Making this cheesecake is almost like a relaxing ritual. The first step is to create the base: simply crush the digestive biscuits (either in a food processor or by popping them in a sealed bag and bashing them with a rolling pin). Then, you melt the butter and mix it into the crumbs. Press this buttery mixture into the base of your springform pan to create a smooth, even layer. Pop that in the fridge to chill while you work on the filling.

The filling is where the magic happens. Start by melting your dark chocolate over a bain-marie (or just carefully in the microwave if you’re short on time). Let it cool slightly while you whip the double cream until it forms soft peaks. In a separate bowl, beat the cream cheese with the sugar and vanilla, and then gently fold in the cooled melted chocolate and whipped cream. The texture here is key-it should be light but rich, airy but indulgent. Pour the mixture onto the chilled biscuit base, smoothing it out with a spatula, and leave it in the fridge to set for a few hours, or preferably overnight.

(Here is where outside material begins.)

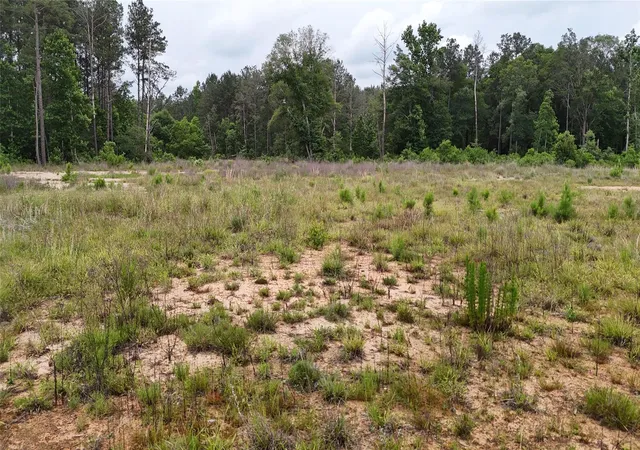 5th image of Tbd Hwy 92 N, Fred, TX 77616 | MLS# 27829805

The hardest part is the waiting. But once it’s ready, you’ll be treated to a cheesecake that’s firm, creamy, and bursting with deep chocolate flavor. It’s the kind of dessert you can feel proud of every time you bring it to the table.

Things I Learned

  1. Patience is Key: While the actual prep time for this cheesecake is relatively short, the chilling time is crucial. If you try to rush it and cut into the cheesecake too early, you risk it being a little too soft and messy. Trust me on this one-let it set properly. I learned this the hard way after trying to sneak a piece only two hours after it went into the fridge. The flavor was still there, but the texture wasn’t as smooth as it should have been.
  2. Quality of Chocolate Matters: The dark chocolate you use really makes a difference. I’ve tried a few different brands, but the best results came from a high-cocoa, bittersweet variety. The richness and depth of the chocolate elevate the entire cheesecake. If you’re in a pinch, don’t use chocolate chips-they won’t melt the same way.
  3. Don’t Overmix: When you’re folding the whipped cream and melted chocolate into the cream cheese, be gentle. Overmixing can deflate the air in the cream, and the filling won’t be as light and airy. It’s a delicate balance, but once you’ve made it a couple of times, it becomes second nature.
  4. Flexibility with Ingredients: While the recipe calls for digestives, I’ve played around with other biscuits, like graham crackers or even Oreos, which gave the base a slightly different flavor. It’s a fun way to experiment with the recipe and make it your own.